Unicode

285 views
Skip to first unread message

Ron Pressler

unread,
Mar 28, 2016, 8:11:35 AM3/28/16
to tlaplus

Hi.


This issue was mentioned here over a year ago, but I think its intent got lost in the rest of the discussion, so let me bring it up again.

The TLA+ pdf pretty-printer does a fantastic job, but its output is optimized for the printed page, while I look at a screen all day and don’t even own a printer (not that I remember, at least). After months of reading and writing TLA+ almost all day, every day, the ASCII representation of various symbols is now second nature to me, but I still find it less readable than proper symbols (and people less familiar with TLA+ find it far less readable), while the pdf output sits pretty much unused. 


All (or virtually all) TLA+ symbols have unicode characters. How about letting the Toolbox present the unicode representation of the escaped symbols, i.e., display when the file says \in ? Better yet, as nearly all modern text editors support unicode, how about supporting unicode as a legal, alternative representation in all tools, namely, the tla file could contain \cup, \union, or to represent union? The toolbox would then have an option of saving the symbols to the file as unicode or keeping the ASCII representation.
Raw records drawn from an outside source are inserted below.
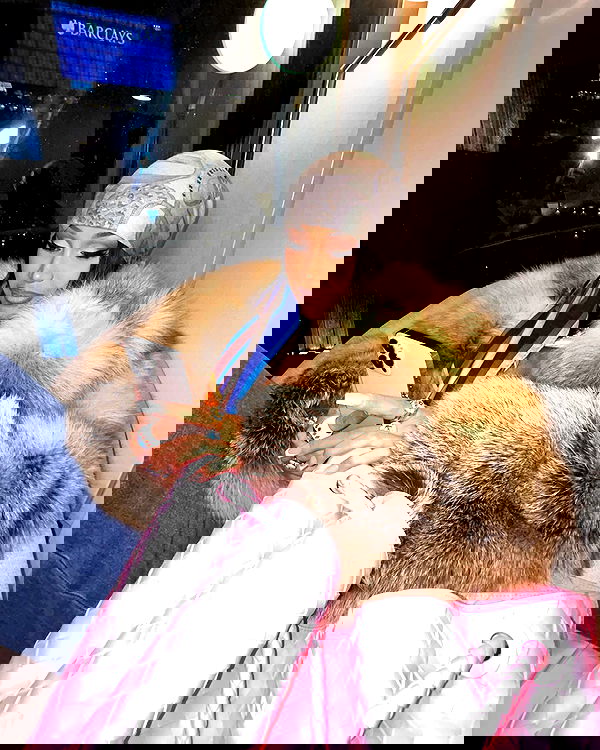 iamcardib iamcardib archive image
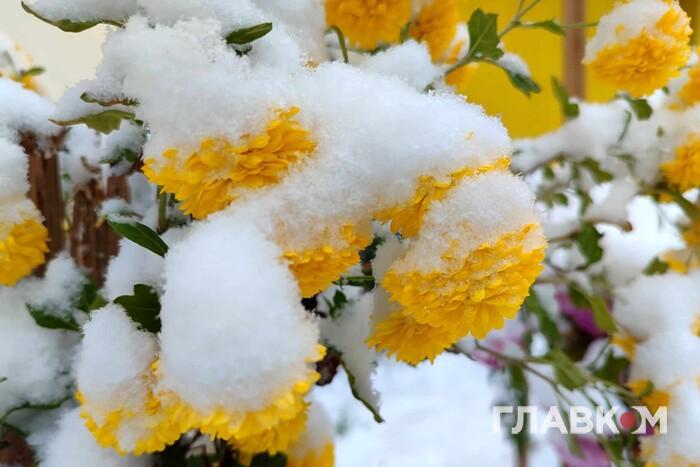 У Києві випав перший сніг (фото)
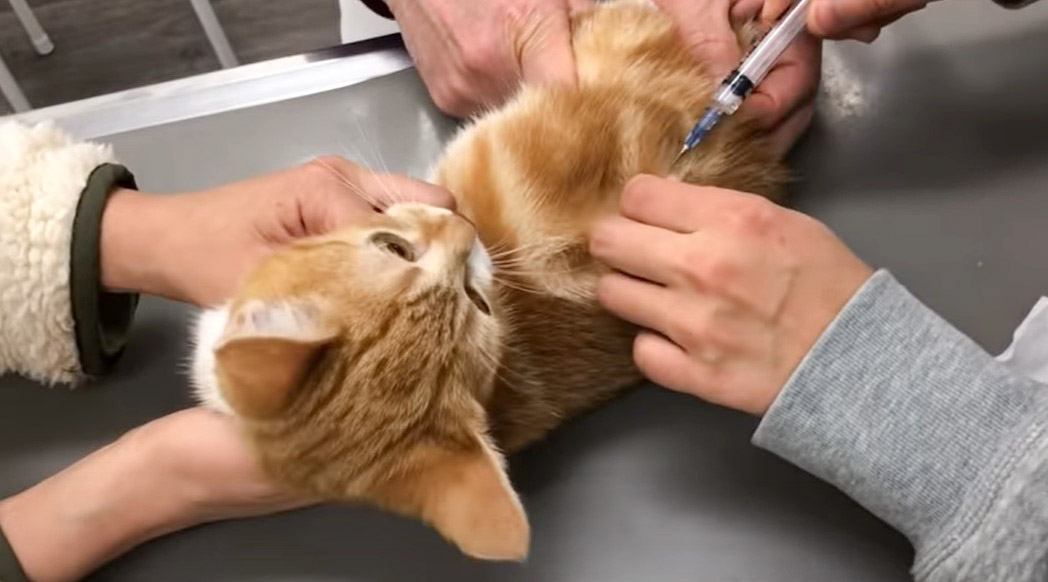 保護した子猫が『初めてのワクチン』で見せた反応…まさかの行動が癒やされすぎると10万人注目「思わず笑った」「人間みたいｗ」の声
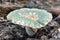 Russula virescens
Agda also works with unicode symbols (but I think that is the only valid representation).


Ron

Leslie Lamport

unread,
Mar 28, 2016, 11:45:44 AM3/28/16
to tlaplus
Hi Ron,


There is one potential problem that would make a Unicode version of TLA+ impossible: because of TLA+'s use of indentation, it would require a fixed-width Unicode font.   So I suggest that you investigate whether one exists and can be used by ordinary Java programs.   If it does, then this would not be too hard to implement, and I would be happy to help a volunteer do it.

Leslie

Ron Pressler

unread,
Mar 28, 2016, 12:10:26 PM3/28/16
to tlaplus
DejaVu Mono is a fixed-width TTF font that seems like it has all the necessary glyphs (see page 26 of this document), it is free, and while the Toolbox uses SWT and I don't know how that toolkit renders fonts, I see no reason why it shouldn't be possible.

Ron 

Ron Pressler

unread,
Mar 28, 2016, 12:57:27 PM3/28/16
to tlaplus
There's also PragmataPro, which isn't free, but if TLA+ supports unicode (and is shipped with, say, DejaVu Mono), then users will be free to purchase PragmataPro, as an Agda/Coq/HOL developer told me he'd done.

Leslie Lamport

unread,
Mar 28, 2016, 1:10:19 PM3/28/16
to tlaplus
That looks good.  The next problem is whether javacc 4.0, the version of JavaCC that produces the lexing code for SANY, works with Unicode.  (The odds of SANY's JavaCC input working with a newer version seem slim.)  The documentation I have for it says that it does handle Unicode characters, but the code it produces contains a lot of chars, so that claim needs to be tested.  If it does, then it shouldn't be too hard to modify SANY--assuming that the relevant code works with strings rather than chars.  TLC shouldn't need any changes.   Modifications to the Toolbox shouldn't be too difficult, if the appropriate fonts can be used and the Eclipse code can deal with them.   The interface for typing the non-ASCII characters needs to be designed.  And we'd need to decide if non-ASCII characters and things like Greek letters should be allowed in identifiers.  I don't know about TLAPS; but it shouldn't be a problem since I imagine OCaml handles Unicode gracefully and the new version of TLAPS will use the SANY parser.  Modifications to the pretty-printer should be straightforward.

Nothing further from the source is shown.